Images are not wanted; transcribe the rest of the listing exactly.

[Data excerpt]:
______________________________
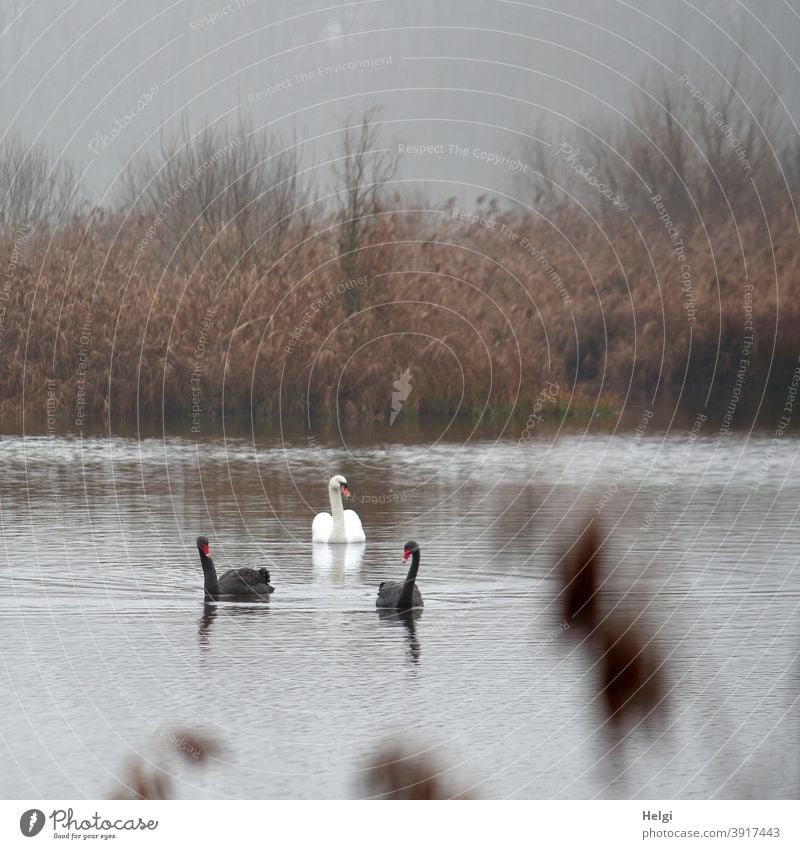 Neighborhoods | two black swans and a white swan swim on the pond on a foggy December morning Swan Bird Black Swan White Morning in the morning Fog Pond Water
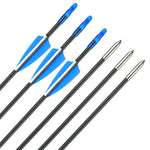Fiberglass Arrows, 31 Inch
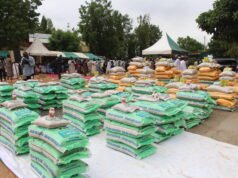 Jigawa’s revolving farm loan scheme hits N7bn as farm activities clocks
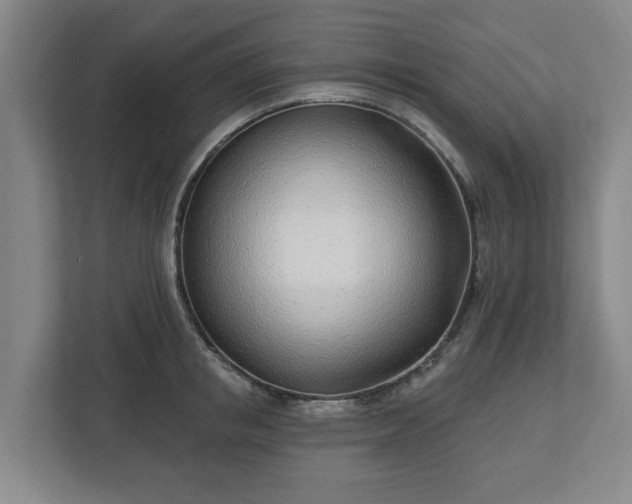 X0000113100853200909041224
______________________________
[Answer to this problem]:
 Neighborhoods | two black swans and a white swan swim on the pond on a foggy December morning Swan Bird Black Swan White Morning in the morning Fog Pond Water
Fiberglass Arrows, 31 Inch
 Jigawa’s revolving farm loan scheme hits N7bn as farm activities clocks
 X0000113100853200909041224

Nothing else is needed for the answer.